2. To determine which person has better hearing and by how much, we need to compare their threshold of hearing values.
The threshold of hearing is the minimum sound intensity that a person can hear. The lower the value, the better the hearing ability.
In this case, the person with a threshold of hearing of 5 dB has better hearing because it is a lower value compared to the person with a threshold of hearing of 25 dB.
The difference between their thresholds of hearing is calculated by subtracting the higher value from the lower value:
Difference = Threshold of Hearing (Person 1) - Threshold of Hearing (Person 2)
= 5 dB - 25 dB
= -20 dB
Therefore, the person with a threshold of hearing of 5 dB has better hearing than the person with a threshold of hearing of 25 dB by 20 dB.
Of course, I'll be happy to help you with these questions!
1- To determine the speed of the car, we need to use the concept of Doppler effect. The Doppler effect is the change in frequency or pitch of a sound wave due to the relative motion between the source of the sound and the observer.
In this case, the car is the source of the sound, and you are the observer. The pitch of a sound is directly related to its frequency. Since the pitch decreases by 20%, it means the frequency of the sound decreases by 20%.
To calculate the speed of the car, we can use the following formula:
v = (vf - vo)/vo
where v is the speed of the car, vf is the final frequency (after the pitch decrease), and vo is the initial frequency (before the pitch decrease).

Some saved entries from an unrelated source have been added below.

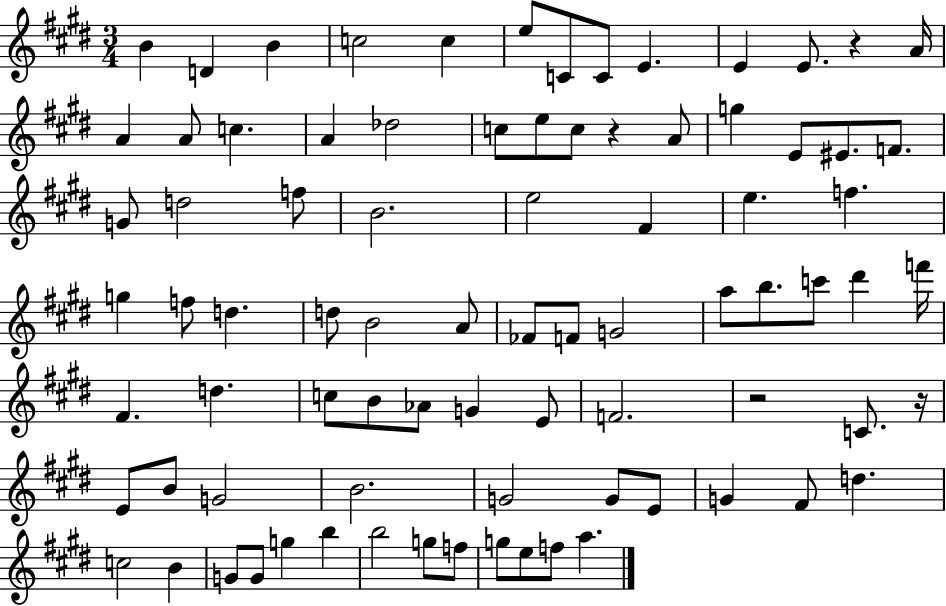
X:1
T:Untitled
M:3/4
L:1/4
K:E
B D B c2 c e/2 C/2 C/2 E E E/2 z A/4 A A/2 c A _d2 c/2 e/2 c/2 z A/2 g E/2 ^E/2 F/2 G/2 d2 f/2 B2 e2 ^F e f g f/2 d d/2 B2 A/2 _F/2 F/2 G2 a/2 b/2 c'/2 ^d' f'/4 ^F d c/2 B/2 _A/2 G E/2 F2 z2 C/2 z/4 E/2 B/2 G2 B2 G2 G/2 E/2 G ^F/2 d c2 B G/2 G/2 g b b2 g/2 f/2 g/2 e/2 f/2 a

Since frequency is inversely proportional to wavelength, we can also express the formula as:
v = (λo - λf)/λf
where λo is the initial wavelength (before the pitch decrease), and λf is the final wavelength (after the pitch decrease).
Given that the speed of sound is 345 m/s, we can use this information to find the answer.
2- To determine which person has better hearing, we need to compare their respective thresholds of hearing.
The threshold of hearing is the smallest sound intensity that a person can perceive. The unit for measuring sound intensity is decibels (dB). A lower threshold of hearing means that the person can hear sounds with lower intensity, indicating better hearing.
In this case, the first person has a threshold of hearing of 5 dB, while the second person has a threshold of hearing of 25 dB. Therefore, the first person has better hearing, as their threshold of hearing is lower by 20 dB (25 dB - 5 dB = 20 dB).
I hope this helps! Let me know if you have any other questions.